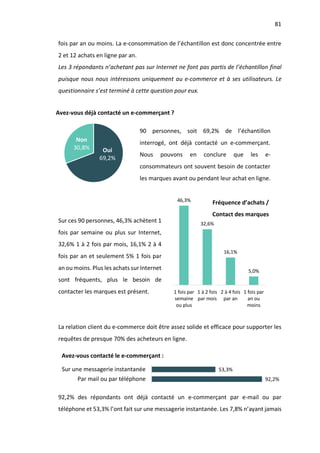 81
fois par an ou moins. La e-consommation de l’échantillon est donc concentrée entre
2 et 12 achats en ligne par an.
Les 3 répondants n’achetant pas sur Internet ne font pas partis de l’échantillon final
puisque nous nous intéressons uniquement au e-commerce et à ses utilisateurs. Le
questionnaire s’est terminé à cette question pour eux.
Sur ces 90 personnes, 46,3% achètent 1
fois par semaine ou plus sur Internet,
32,6% 1 à 2 fois par mois, 16,1% 2 à 4
fois par an et seulement 5% 1 fois par
an ou moins. Plus les achats sur Internet
sont fréquents, plus le besoin de
contacter les marques est présent.
La relation client du e-commerce doit être assez solide et efficace pour supporter les
requêtes de presque 70% des acheteurs en ligne.
92,2% des répondants ont déjà contacté un e-commerçant par e-mail ou par
téléphone et 53,3% l’ont fait sur une messagerie instantanée. Les 7,8% n’ayant jamais
92,2%
53,3%
Par mail ou par téléphone
Sur une messagerie instantanée
Oui
69,2%
Non
30,8%
Avez-vous déjà contacté un e-commerçant ?
90 personnes, soit 69,2% de l’échantillon
interrogé, ont déjà contacté un e-commerçant.
Nous pouvons en conclure que les e-
consommateurs ont souvent besoin de contacter
les marques avant ou pendant leur achat en ligne.
46,3%
32,6%
16,1%
5,0%
1 fois par
semaine
ou plus
1 à 2 fois
par mois
2 à 4 fois
par an
1 fois par
an ou
moins
Fréquence d’achats /
Contact des marques
Avez-vous contacté le e-commerçant :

Your task:
Look above for the line holding "requêtes de presque", then set down exactly that line and every line after it up to and including the line holding "Avez-vous déjà contacté un e-commerçant ?", with nothing else.

Solution:
requêtes de presque 70% des acheteurs en ligne.
92,2% des répondants ont déjà contacté un e-commerçant par e-mail ou par
téléphone et 53,3% l’ont fait sur une messagerie instantanée. Les 7,8% n’ayant jamais
92,2%
53,3%
Par mail ou par téléphone
Sur une messagerie instantanée
Oui
69,2%
Non
30,8%
Avez-vous déjà contacté un e-commerçant ?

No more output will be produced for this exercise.